## [Instructions to follow]
Leave the pictures out. Retype exactly the lines below from the one containing "Cover for Ultrasound" through the one containing "VFC/Umarex H&K HK416A5", and no others.

## [Input records]
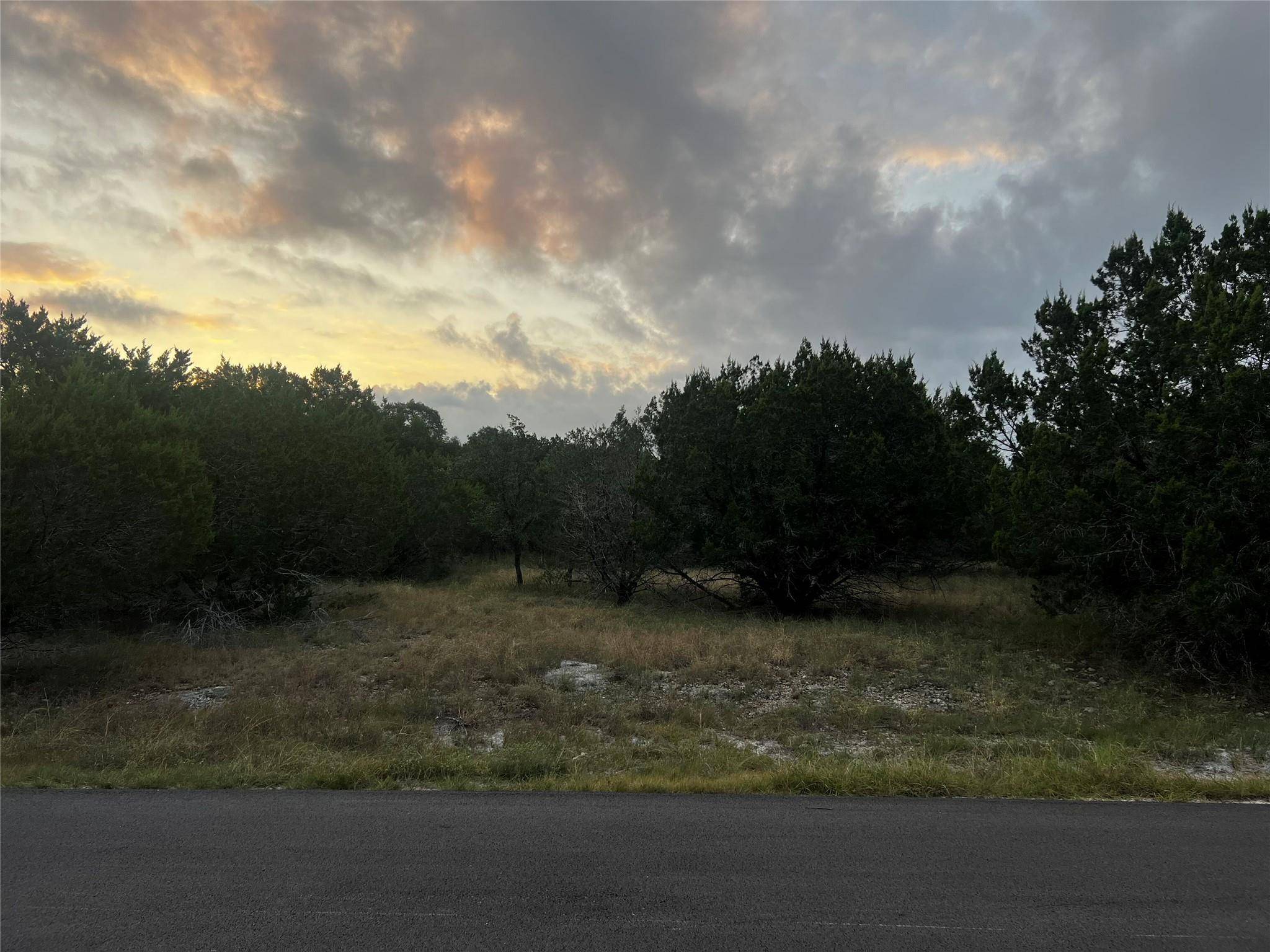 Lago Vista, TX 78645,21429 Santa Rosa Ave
==
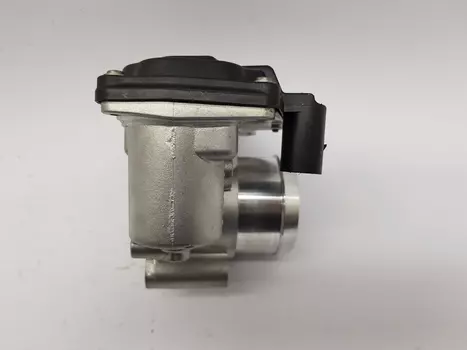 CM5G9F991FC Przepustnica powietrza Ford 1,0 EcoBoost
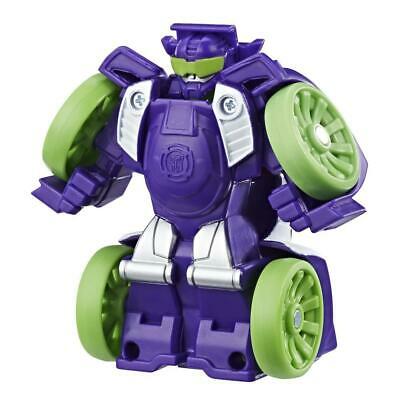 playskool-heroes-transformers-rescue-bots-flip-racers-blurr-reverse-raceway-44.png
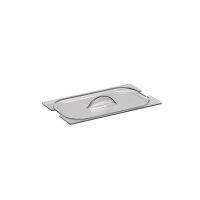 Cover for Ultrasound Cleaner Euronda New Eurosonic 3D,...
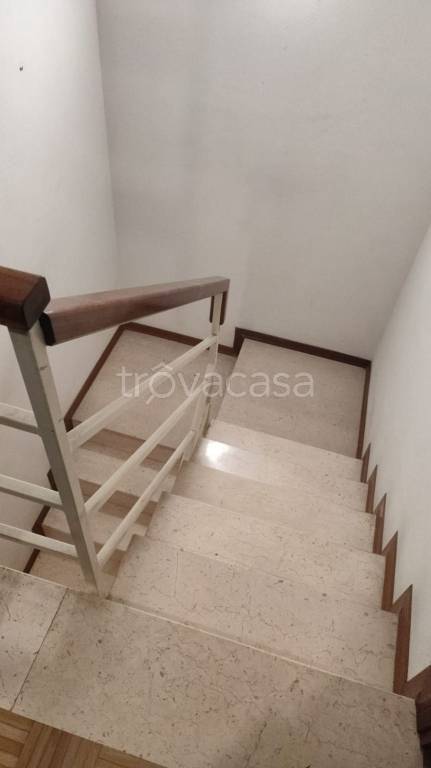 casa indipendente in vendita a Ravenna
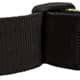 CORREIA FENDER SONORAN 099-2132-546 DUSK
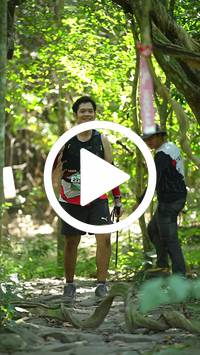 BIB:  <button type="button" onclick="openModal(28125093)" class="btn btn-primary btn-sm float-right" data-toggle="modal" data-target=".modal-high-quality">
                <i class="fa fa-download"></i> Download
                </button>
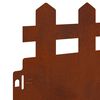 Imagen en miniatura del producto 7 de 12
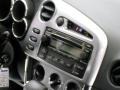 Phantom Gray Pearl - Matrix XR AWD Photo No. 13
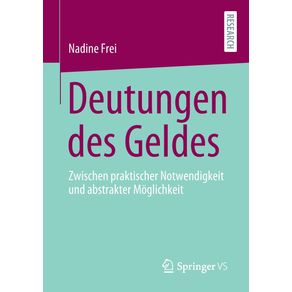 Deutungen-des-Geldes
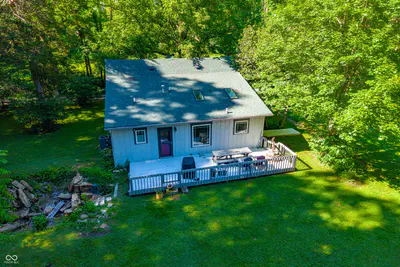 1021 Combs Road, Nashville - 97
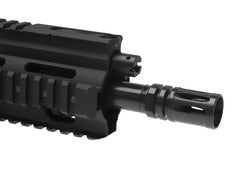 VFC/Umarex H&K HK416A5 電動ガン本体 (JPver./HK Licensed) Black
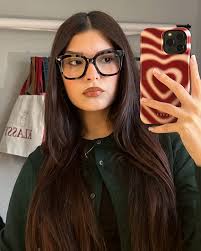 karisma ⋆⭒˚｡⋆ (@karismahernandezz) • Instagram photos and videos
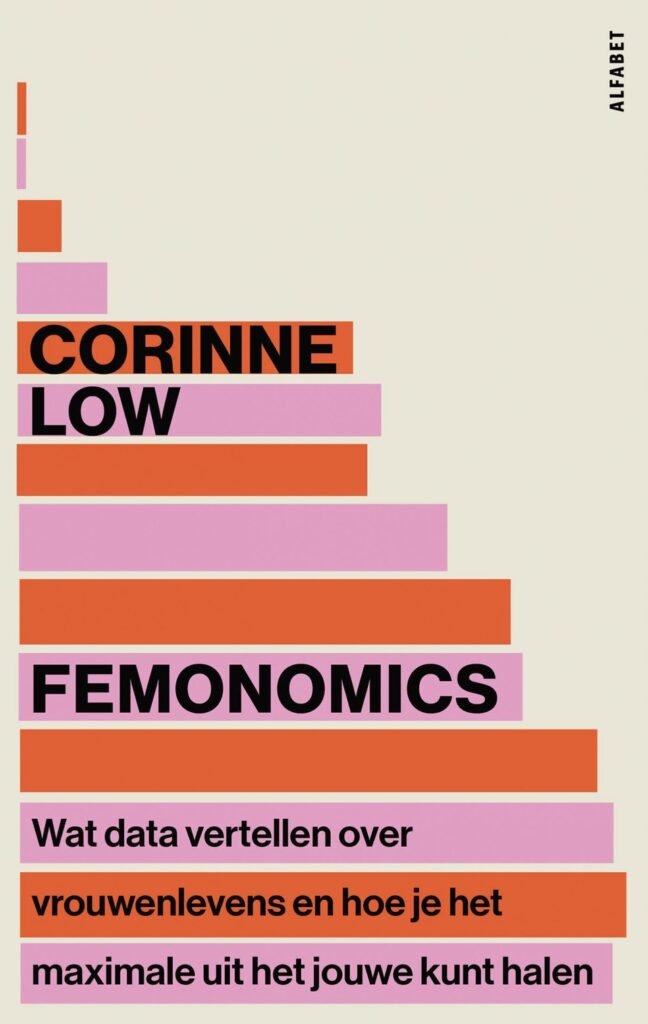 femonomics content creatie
* * *
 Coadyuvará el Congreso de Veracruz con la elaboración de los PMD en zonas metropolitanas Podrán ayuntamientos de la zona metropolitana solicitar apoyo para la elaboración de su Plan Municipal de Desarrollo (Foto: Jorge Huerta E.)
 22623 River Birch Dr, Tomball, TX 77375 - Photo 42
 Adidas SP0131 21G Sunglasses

## [Expected answer]
 Cover for Ultrasound Cleaner Euronda New Eurosonic 3D,...
 casa indipendente in vendita a Ravenna
 CORREIA FENDER SONORAN 099-2132-546 DUSK
 BIB:  <button type="button" onclick="openModal(28125093)" class="btn btn-primary btn-sm float-right" data-toggle="modal" data-target=".modal-high-quality">
                <i class="fa fa-download"></i> Download
                </button>
 Imagen en miniatura del producto 7 de 12
 Phantom Gray Pearl - Matrix XR AWD Photo No. 13
 Deutungen-des-Geldes
 1021 Combs Road, Nashville - 97
 VFC/Umarex H&K HK416A5 電動ガン本体 (JPver./HK Licensed) Black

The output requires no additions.